Venous Thromboembolism in Renally Impaired Patients and Direct Oral Anticoagulants (VERDICT)
Renal Insufficiency
About this trial
This is an interventional treatment trial for Renal Insufficiency focused on measuring Renal insufficiency, Direct oral anticoagulants (DOA), Deep Vein Thrombosis (DVT), Pulmonary Embolism (PE), Venous Thromboembolism (VTE), Heparins
Eligibility Criteria
Inclusion Criteria:
- Patients with a moderate renal insufficiency defined by a creatinine clearance between 30 to 50 ml/min (Cockcroft and Gault formulae) or a severe renal insufficiency (between 15 to 29 ml/min)
- Patients with acute objectively confirmed symptomatic proximal deep-vein thrombosis (DVT) or pulmonary embolism (PE) (with or without deep-vein thrombosis), planned to be treated for at least 3 months
- Patients >18 years
- Life expectancy more than 3 months
- Social security affiliation
- Signed informed consent
Exclusion Criteria:
- Indication for anticoagulants other than VTE
- Active bleeding or a high risk of bleeding contraindicating anticoagulant treatment; a systolic blood pressure of more than 180 mm Hg or a diastolic blood pressure of more than 110 mm Hg
- Anticoagulation for more than 72 hours prior to randomization
- Chronic liver disease or chronic hepatitis
- Patient at high risk of bleeding
- Creatinine clearance <15 ml/min or end stage renal disease or indication for extra-renal dialysis
- Need for concomitant anti-platelet therapy other than aspirin 75-325 mg per day.

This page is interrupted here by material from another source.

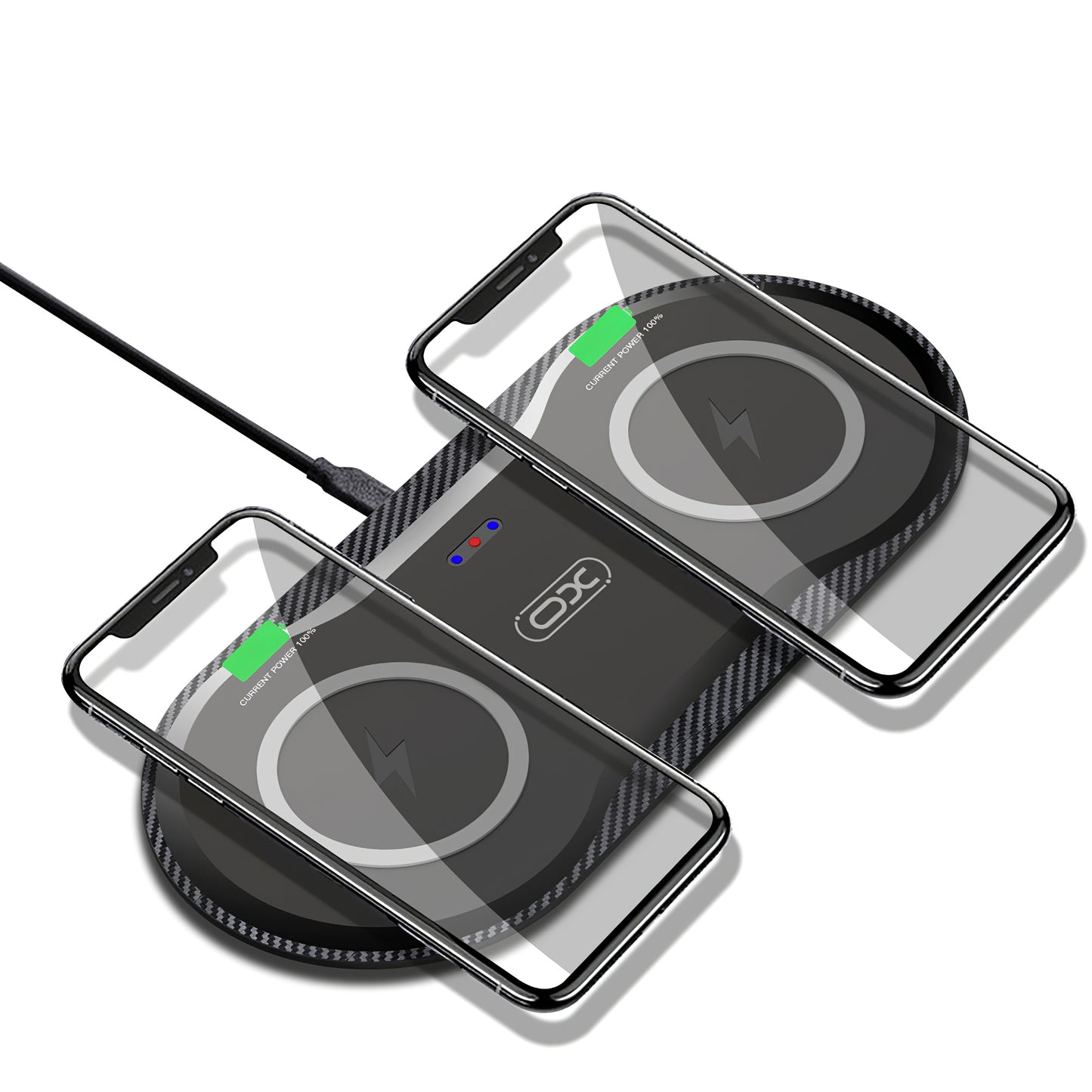 XO Design WX026 Wireless Network Charger, 20W, 1.1A, Black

However concomitant treatment with aspirin is discouraged in this population at bleeding risk.
- Concomitant use of a strong inhibitor of cytochrome P-450 3A4 (CYP3A4) (e.g., a protease inhibitor for human immunodeficiency virus infection or azole-antimycotics agents ketoconazole, itraconazole, voriconazole, posaconazole) or a CYP3A4 inducer (e.g., rifampin, carbamazepine, or phenytoin),
- Active pregnancy or expected pregnancy or no effective contraception
- Any contraindication listed in the local labeling of UFH, LMWH or VKA or oral anticoagulant.
- Cancer-associated VTE requiring long-term treatment with LMWH
- Life expectancy of less than 3 months.
Sites / Locations
- CH ARRAS
- Chu Tours
- CH d'Agen-Nérac
- Chu Amiens
- Chu Angers
- CH Besançon
- CHU de Bordeaux
- CHU La Cavale Blanche Brest
- HIA de Brest
- CHU Castelnau-le-Lez
- CH Louis Pasteur - Chartres
- Chu Clermont-Ferrand
- CHU Dijon
- Hôpital La Tronche Grenoble
- Hôpital Charles Foix - APHP Ivry sur Seine
- Chu Limoges
- CHU Lyon
- HCL - Hôpital Edouard Herriot
- Chu Montpellier
- CHU de Nantes - Hôpital Bellier
- CHU de Nantes - Hôpital Hôtel Dieu
- CHU Nice
- HEGP - APHP Paris
- Hôpital Louis Mourier- APHP Paris
- CHU de Rouen
- Chu Saint Etienne
- Chu Strasbourg
- CH Toulon
- HIA de Toulon
- CHU Toulouse
- CH de Valenciennes
Arms of the Study
Arm 1
Arm 2
Experimental
Active Comparator
DOA : Direct Oral Anticoagulants
SOC : Standard Of Care
The experimental group receiving DOA regimens: patients will be secondarily randomly assigned within DOAs group between: Apixaban (Eliquis® tablet) 10 mg bid for 7 days then 2.5 mg bid for 3 months Rivaroxaban (Xarelto® tablet) 15 mg bid for 21 days then 15 mg od for 3 months.
The control group receiving the standard of care (SOC), i.e. heparins/VKA regimen. Patients will receive the current recommended therapy: subcutaneous or intravenous UFH/VKA in case of severe renal insufficiency and subcutaneous LMWH/VKA in case of moderate renal insufficiency for at least 5 days. VKA will begin concomitantly and continue for 3 months.